Let us examine the last point first. The party’s left wing and anti-poverty campaigners have denounced Mr Brown, who as shadow Chancellor has abandoned a long-standing commitment to universal benefits for young people. But he has had the courage to ask whether money paid to mothers of all children up to the school leaving age should continue for those who choose to remain at school but not for those who take a job or training or those who end up unemployed and homeless (although the opposition parties have other plans to help the victims of the most obvious and objectionable feature of 17 years of Conservative government).

Child benefit is not in reality universal. It helps middle-class families, whose children stay on at school, and discriminates against the poor whose staying-on rate is understandably lower. If Mr Brown can guarantee that money saved can be devoted to improving opportunities for all young people, the change of tack will be applauded. It may be that all 16 to 18-year-olds will in time have to receive some payment. They deserve straight support more than older students, for whom a graduate tax, or variant thereof, increasingly looks like practical politics.

But until a Labour government shows that savings are being put into education and training, there is bound to be scepticism.
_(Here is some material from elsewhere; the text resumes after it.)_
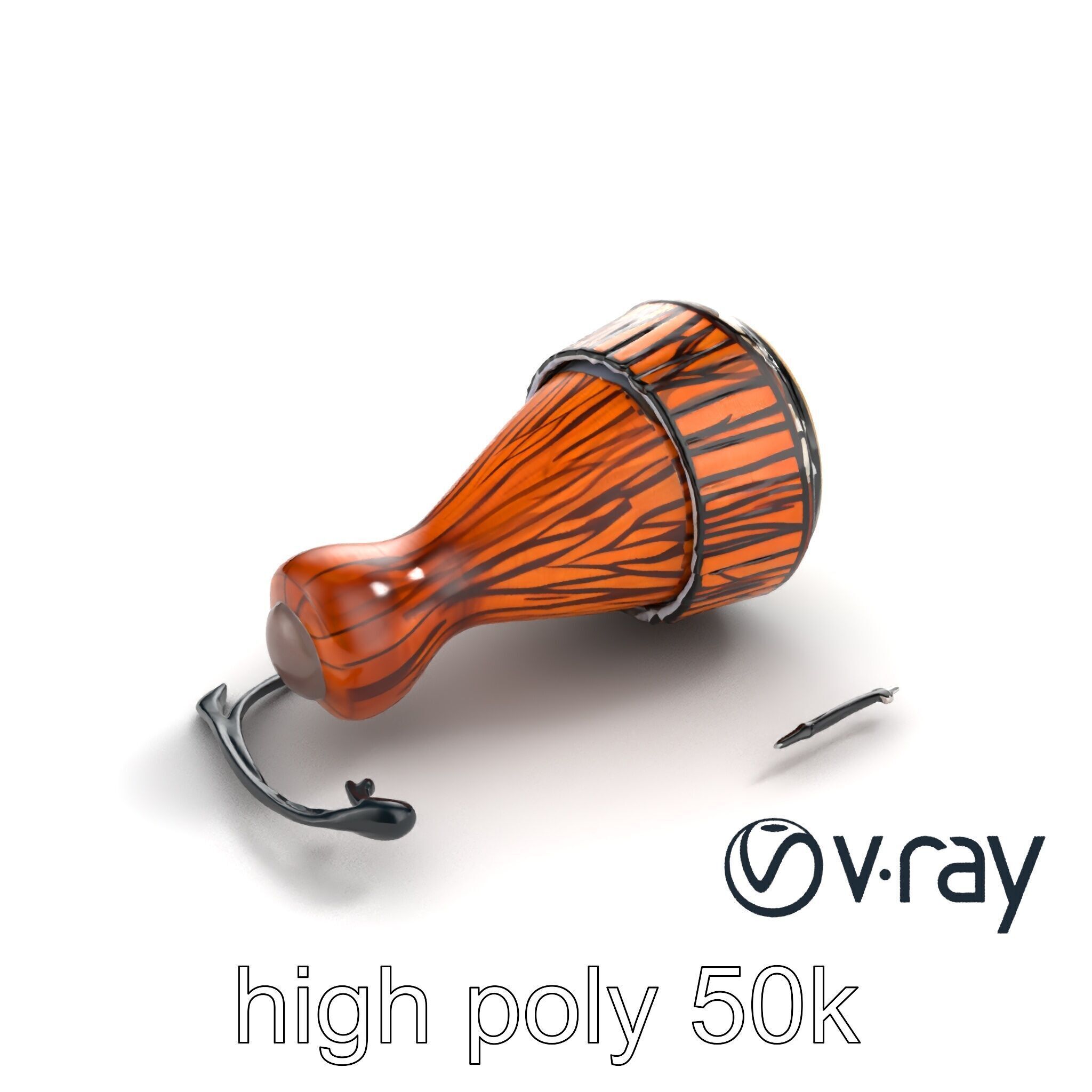 NovaPulse Djembe model pack with tribal-carved wood and LED i... Low-poly 3D model_8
Treasury officials will see a useful pot of money in any financial crisis. Any inalienable link between money specifically raised for education (as the Liberal Democrats propose) or savings made for that purpose is bound to be hard to maintain. The left is not alone in remembering the effect of abandoning universal free health provision by Labour as well as Conservative governments.

Mr Brown’s speech in Edinburgh last weekend has begun the process by which the party has to cost and make provision for its policy proposals. He will not go as far as John Smith, his predecessor in the shadow Chancellorship in whose memory his lecture was given. Too detailed spending plans would allow the Tories to make hay as they did with Mr Smith’s “budget” in the 1992 election. But sceptics, who include teachers worried about the effect on workload of pupil compacts and other ideas, will have to be convinced that money would be available and shown where it would come from.